Giovanni Guerriero (Guerriero Produzione Pelletterie)
“Il distretto napoletano ha subito una flessione minore rispetto ad altri, ma soffre comunque per il calo degli ordini. La pelletteria si deve riorganizzare per affrontare il periodo e, soprattutto, non perdere pezzi per strada. Sono in maggiore difficoltà i brand piccoli, per i quali è più oneroso il processo di riorganizzazione, mentre i più grandi ce la faranno. Anche noi dobbiamo fare attenzione alla nostra filiera, ai fornitori piccoli e grandi, per aiutarli in un frangente che per loro può diventare insostenibile. Fare aggregazioni significa fare economia di scala, investimenti congiunti. Abbiamo know how e risorse da proteggere, anche col sostegno delle istituzioni: proteggere loro significa proteggere il nostro futuro”.

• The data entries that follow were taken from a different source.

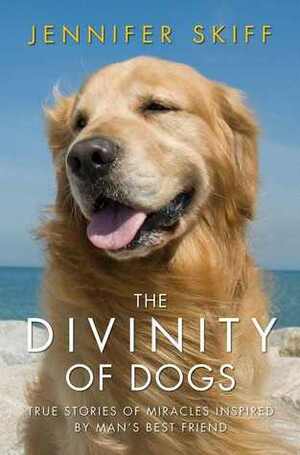 The Divinity of Dogs: True Stories of Miracles Inspired by Man's Best Friend by Jennifer Skiff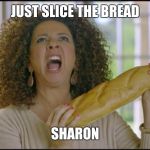 maya rudolph oprah bread parody | JUST SLICE THE BREAD; SHARON | image tagged in maya rudolph oprah bread parody | made w/ Imgflip meme maker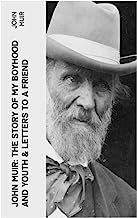 John Muir: The Story of My Boyhood and Youth & Letters to a Friend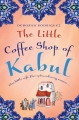 Couverture The Little Coffee Shop of Kabul Editions Sphere 2013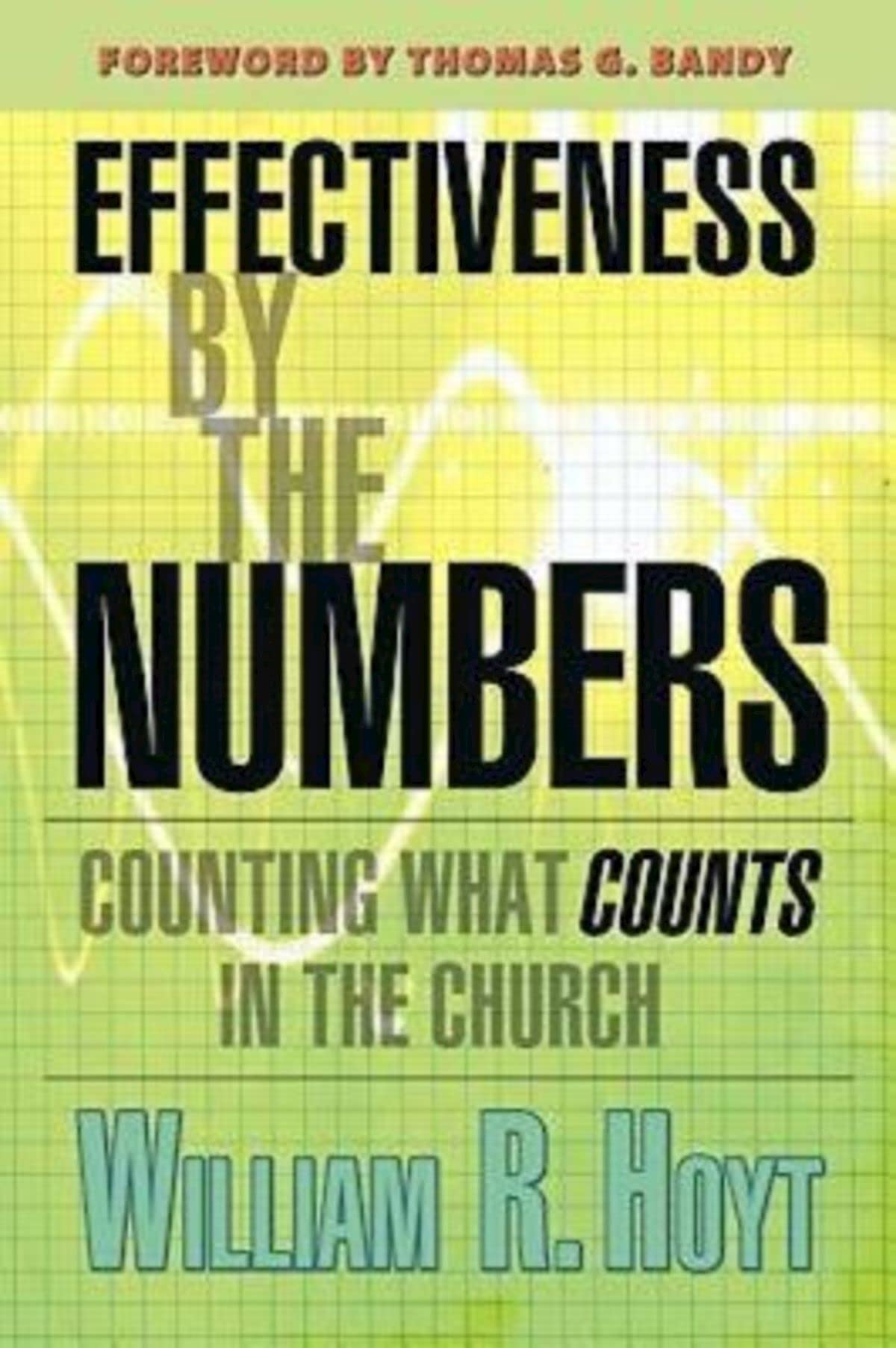 Buy Effectiveness by the Numbers: Counting What Counts in the Church — BookShops.in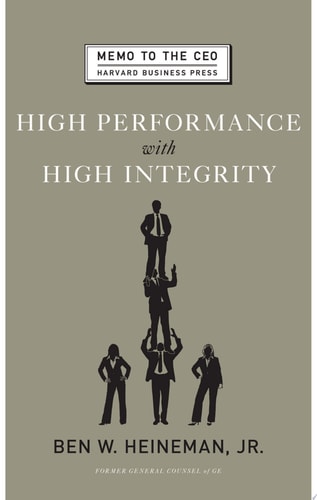 High Performance with High Integrity (Memo to the CEO)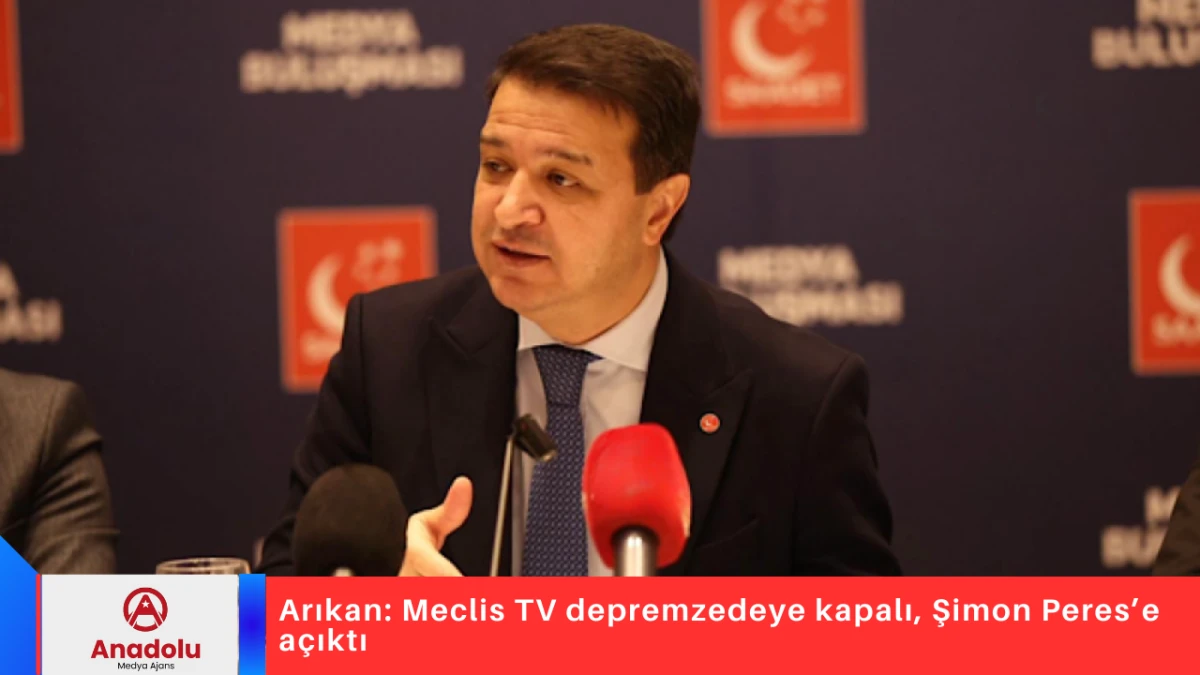Arıkan: Meclis TV depremzedeye kapalı, Şimon Peres&rsquo;e a&ccedil;ıktı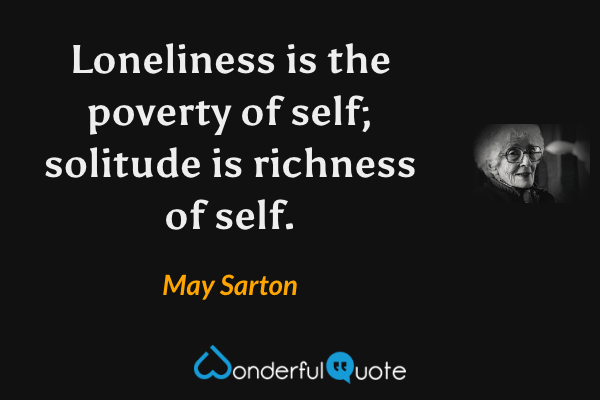 Loneliness is the poverty of self; solitude is richness of self. - May Sarton quote.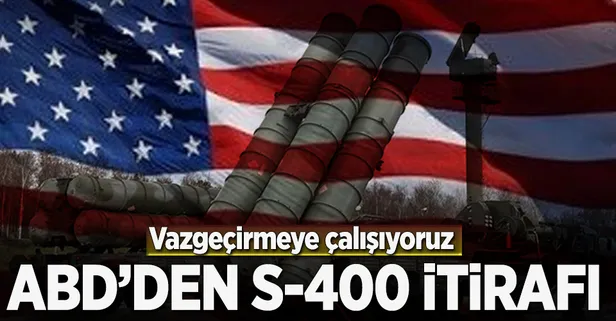 ABD'den S-400 itirafı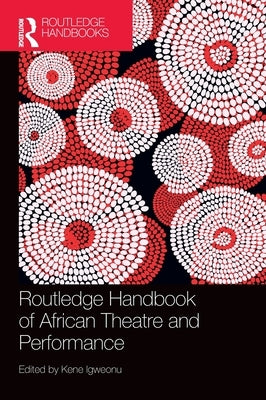 Routledge Handbook of African Theatre and Performance by Igweonu, Kene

Andrea Calistri (Sapaf Atelier 1954)
“I numeri in Toscana sono gravi, il ricorso alla CIG è enorme. Però ci sono anche investimenti delle griffe sul territorio, da ultimi quelli di Balenciaga e Louis Vuitton. La moda scommette sulla ripartenza. Ma il sistema delle piccole e medie imprese come reagirà? Nei prossimi anni sarà la digitalizzazione la leva della crescita. Il time to market è più stretto, mentre si assiste alla frantumazione degli ordini: tutto ciò avrà ripercussioni sul sistema industriale. Dobbiamo essere attentissimi al saper fare, ma crescere anche nel saper vendere, sia per chi ha brand proprio che per chi lavora conto terzi. Oltre alle aggregazioni servono sistemi che favoriscano la condivisione di progetti, idee, eccellenze. Come fatto da Fendi con Hand in Hand o da Dolce & Gabbana”.
Franco Gabbrielli (fondatore Gabs e presidente Assopellettieri)
“Abbiamo pochi strumenti per uscire dal tunnel. Il mercato interno, ad esempio. L’export a lungo è stato visto come più sicuro e redditizio. Ora quello italiano può dare sollievo, ma prima serve campagna pubblicitaria per sensibilizzare il cliente finale. La Cina è difficile da attaccare per una piccola impresa, così come il mercato digitale. Per questo è importante anche il ruolo di Assopellettieri, che può aiutare ad affrontare certi investimenti, così come a proporsi ai grandi brand e ad aprire i nuovi mercati”.